7th International Conference on Spoken Language Processing
September 16-20, 2002
In this paper, we propose a new technique of filter bank subtraction for robust speech recognition under various acoustic conditions. Spectral subtraction is a simple and useful technique for reducing the influence of additive noise. Conventional spectral subtraction assumes accurate estimation of the noise spectrum and no correlation between speech and noise. Those assumptions, however, are rarely satisfied in reality, leading to the degradation of speech recognition accuracy. Moreover, the recognition improvement attained by conventional methods is slight when the input SNR changes sharply. We propose a new method in which the output values of filter banks are used for noise estimation and subtraction. By estimating noise at each filter bank, instead of at each frequency point, the method alleviates the necessity for precise estimation of noise. We also take into consideration phase differences between the spectra of speech and noise in the subtraction.

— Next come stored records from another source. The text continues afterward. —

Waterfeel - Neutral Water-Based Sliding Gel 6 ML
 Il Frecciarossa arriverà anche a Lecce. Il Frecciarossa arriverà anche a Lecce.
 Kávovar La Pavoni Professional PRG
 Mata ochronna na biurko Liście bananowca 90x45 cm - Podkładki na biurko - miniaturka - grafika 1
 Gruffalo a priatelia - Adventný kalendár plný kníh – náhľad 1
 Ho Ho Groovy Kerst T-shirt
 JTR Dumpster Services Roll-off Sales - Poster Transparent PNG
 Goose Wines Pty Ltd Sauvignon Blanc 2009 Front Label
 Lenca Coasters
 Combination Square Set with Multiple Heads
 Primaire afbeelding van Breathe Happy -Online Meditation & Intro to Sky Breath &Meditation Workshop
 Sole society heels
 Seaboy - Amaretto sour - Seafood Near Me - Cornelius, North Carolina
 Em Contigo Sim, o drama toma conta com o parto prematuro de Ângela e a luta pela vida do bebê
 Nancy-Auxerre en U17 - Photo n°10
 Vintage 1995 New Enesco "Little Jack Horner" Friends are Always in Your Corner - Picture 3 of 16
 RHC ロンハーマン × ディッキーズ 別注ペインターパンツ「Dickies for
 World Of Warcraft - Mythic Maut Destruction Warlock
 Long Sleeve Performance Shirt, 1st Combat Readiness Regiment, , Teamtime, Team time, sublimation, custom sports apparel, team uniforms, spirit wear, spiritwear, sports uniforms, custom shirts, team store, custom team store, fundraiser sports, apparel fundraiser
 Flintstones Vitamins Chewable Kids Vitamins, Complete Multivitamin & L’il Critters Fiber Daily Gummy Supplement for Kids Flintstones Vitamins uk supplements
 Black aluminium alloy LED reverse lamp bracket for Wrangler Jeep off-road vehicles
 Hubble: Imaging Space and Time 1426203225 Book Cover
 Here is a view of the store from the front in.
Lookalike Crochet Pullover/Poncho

Recognition experiments on test sets at several SNRs showed that the filter bank subtraction technique improved the word accuracy significantly and got better results than conventional spectral subtraction on all the test sets. In other experiments, on recognizing speech from TV news field reports with environmental noise, the proposed subtraction method yielded better results than the conventional method.
Bibliographic reference. Onoe, Kazuo / Segi, Hiroyuki / Kobayakawa, Takeshi / Sato, Shoei / Imai, Toru / Ando, Akio (2002): "Filter bank subtraction for robust speech recognition", In ICSLP-2002, 1021-1024.